===== THE DATA
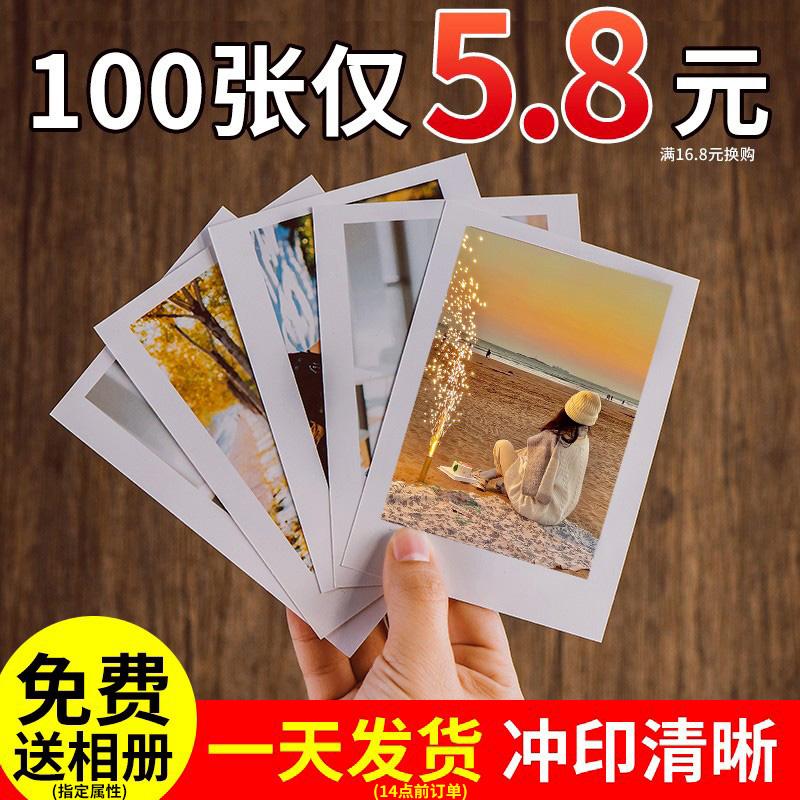 Polaroid in rửa ảnh rửa in ảnh thẻ nhỏ tùy chỉnh tự in miễn phí vận chuyển chất lượng cao điện thoại di động hình ảnh 3 inch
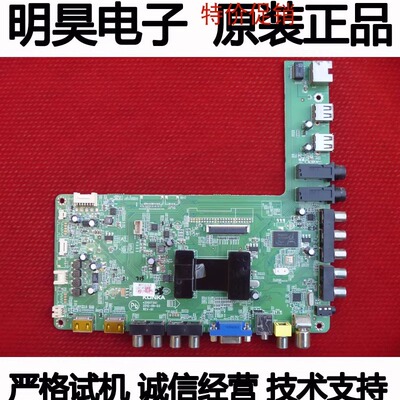 康佳LED50R5100DE主板35017341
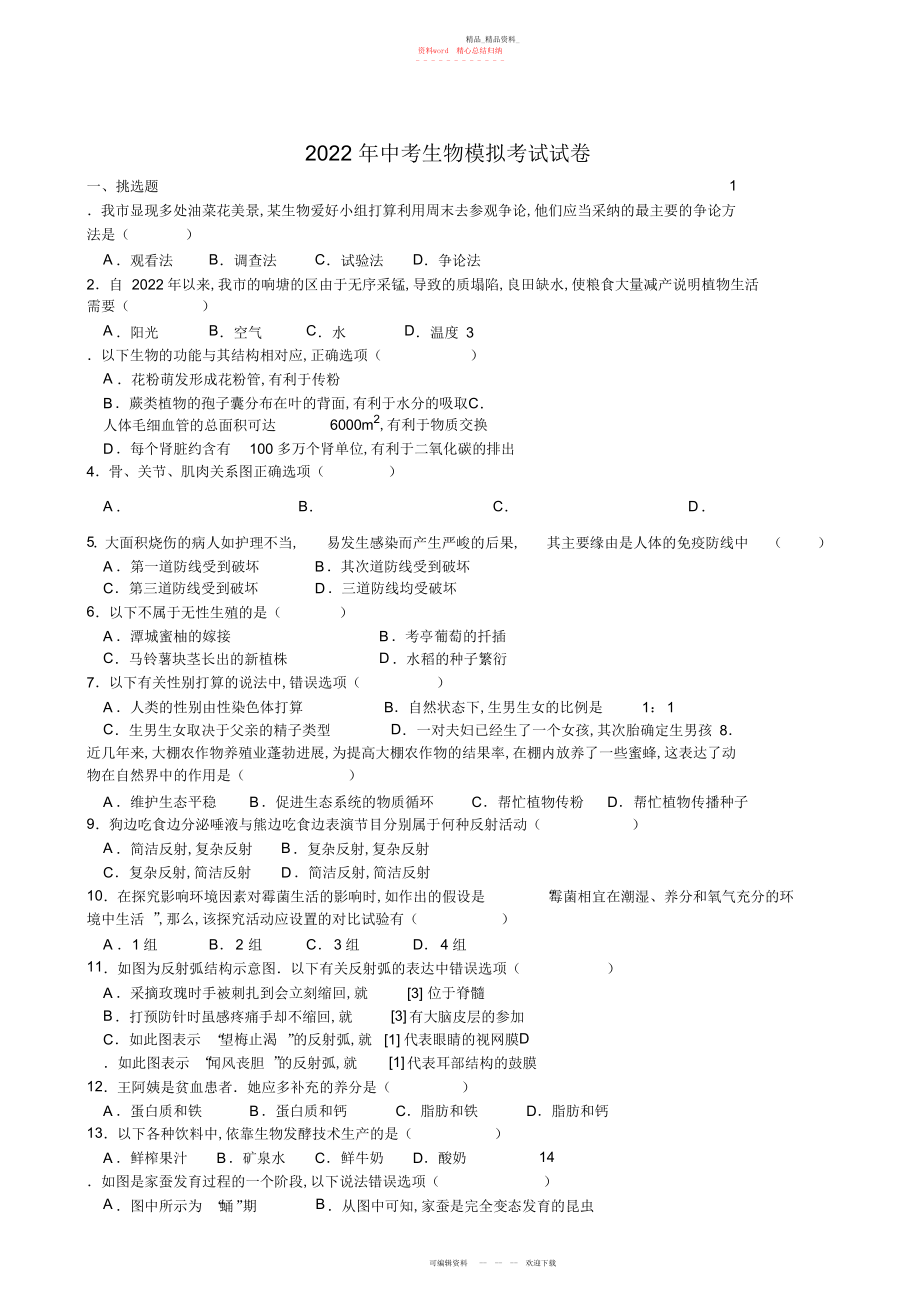 2022年中考生物模拟考试试卷 .docx_第1页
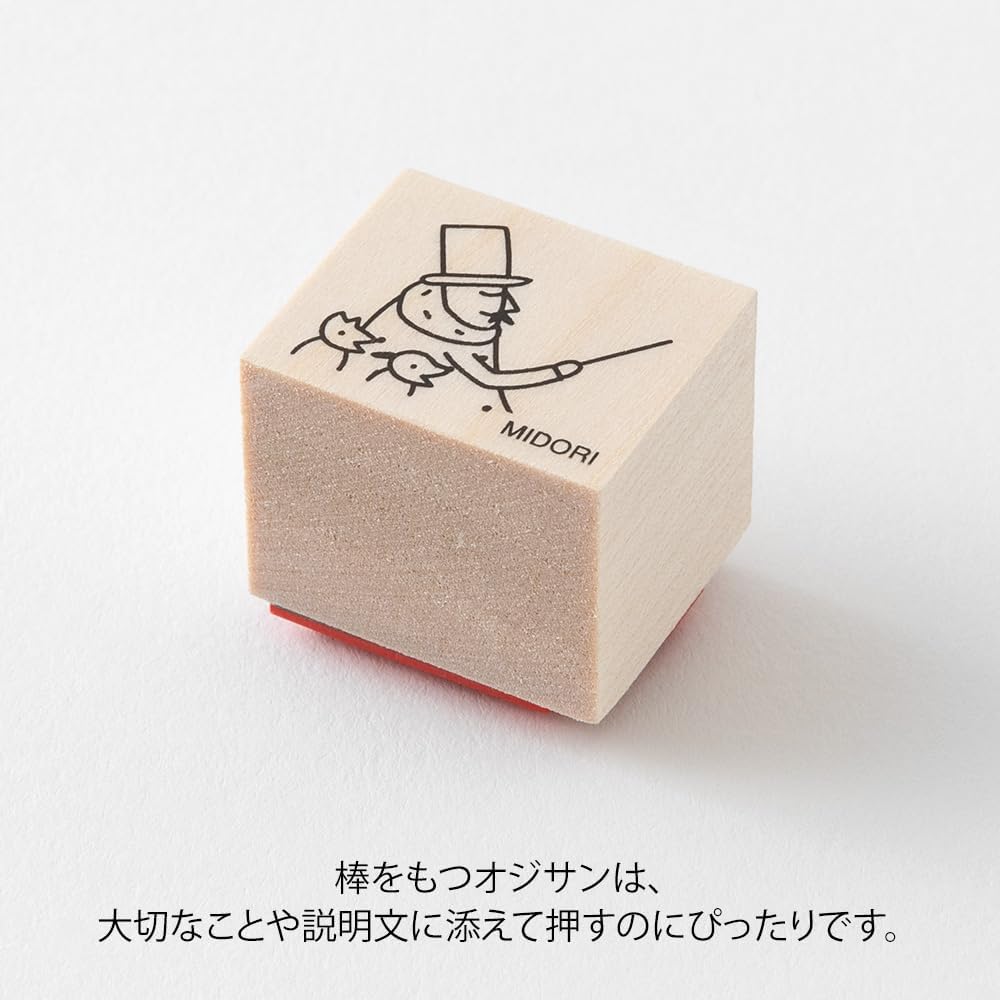 Midori 30th Anniversary 35599006 Wooden Stamp, A-Pattern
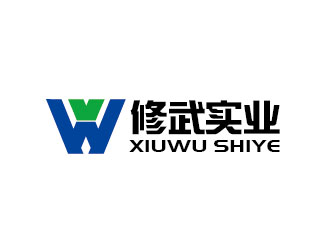 李贺的上海修武实业有限公司logo设计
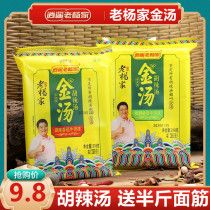 Henan specialty Xiaoyao Town Hu spicy soup Lao Yang Family Shiitake mushroom beef flavor instant gold soup 4 bags*218g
==========
— TASK REQUIREMENTS —
Retype the entries verbatim and drop the pictures.

— TASK ANSWER —
 Polaroid in rửa ảnh rửa in ảnh thẻ nhỏ tùy chỉnh tự in miễn phí vận chuyển chất lượng cao điện thoại di động hình ảnh 3 inch
 康佳LED50R5100DE主板35017341
 2022年中考生物模拟考试试卷 .docx_第1页
 Midori 30th Anniversary 35599006 Wooden Stamp, A-Pattern
 李贺的上海修武实业有限公司logo设计
 Henan specialty Xiaoyao Town Hu spicy soup Lao Yang Family Shiitake mushroom beef flavor instant gold soup 4 bags*218g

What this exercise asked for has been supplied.